TASK TO CARRY OUT: Copy the listing as it is written, and leave each picture out.

DATASET EXCERPT:

===

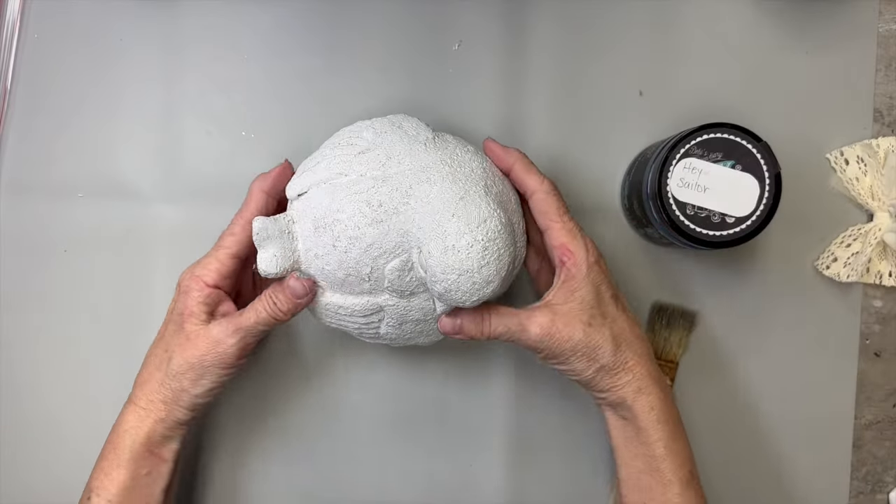Hello friends! Today I'm participating in the Thrift Flip Road Trip with the Crafting Cousins and Sammy from Unicorn Dust Designs. There'll be a whole playlist of people participating, so don't forget to go to the description box and find that playlist. But I'll talk more about that later — let's get to crafting!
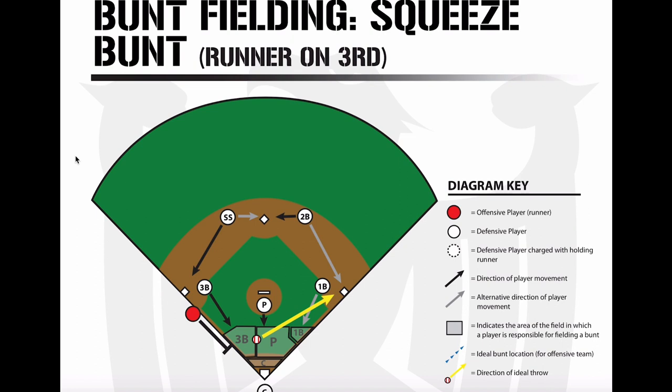Unless your hitter is really inept and the infield's in, it's not going to make a ton of sense to squeeze — you're going to score that run a lot of the time. Obviously if you miss the squeeze, they're going to be out at third base, and with a pop-up the inning's going to be over. So if a team squeezes, I think it's a risky play. If they get the bunt down correctly you have no play at the plate — it's a good play.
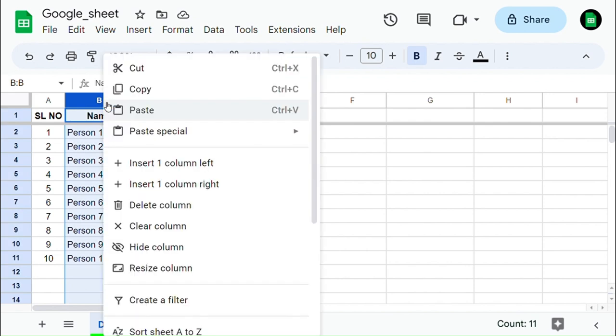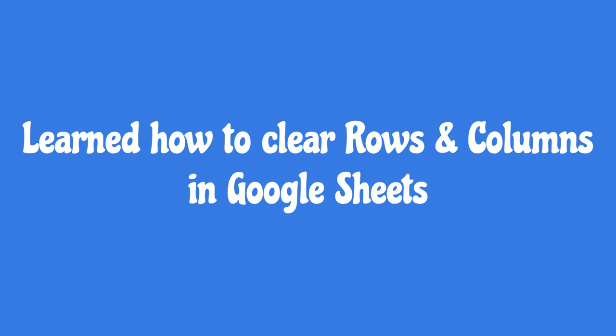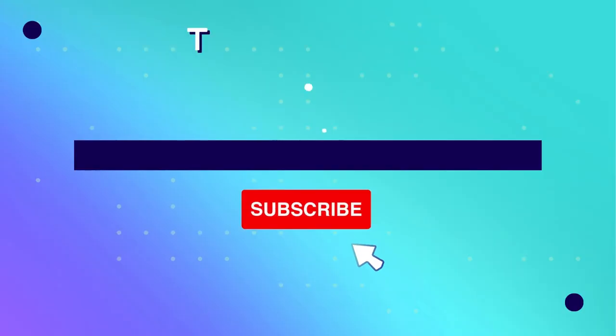Same way in the column. You have learned how to clear rows and columns in Google Sheets. Thank you.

===

REPLY TO THE EXERCISE:
Hello friends! Today I'm participating in the Thrift Flip Road Trip with the Crafting Cousins and Sammy from Unicorn Dust Designs. There'll be a whole playlist of people participating, so don't forget to go to the description box and find that playlist. But I'll talk more about that later — let's get to crafting!
Unless your hitter is really inept and the infield's in, it's not going to make a ton of sense to squeeze — you're going to score that run a lot of the time. Obviously if you miss the squeeze, they're going to be out at third base, and with a pop-up the inning's going to be over. So if a team squeezes, I think it's a risky play. If they get the bunt down correctly you have no play at the plate — it's a good play.
Same way in the column. You have learned how to clear rows and columns in Google Sheets. Thank you.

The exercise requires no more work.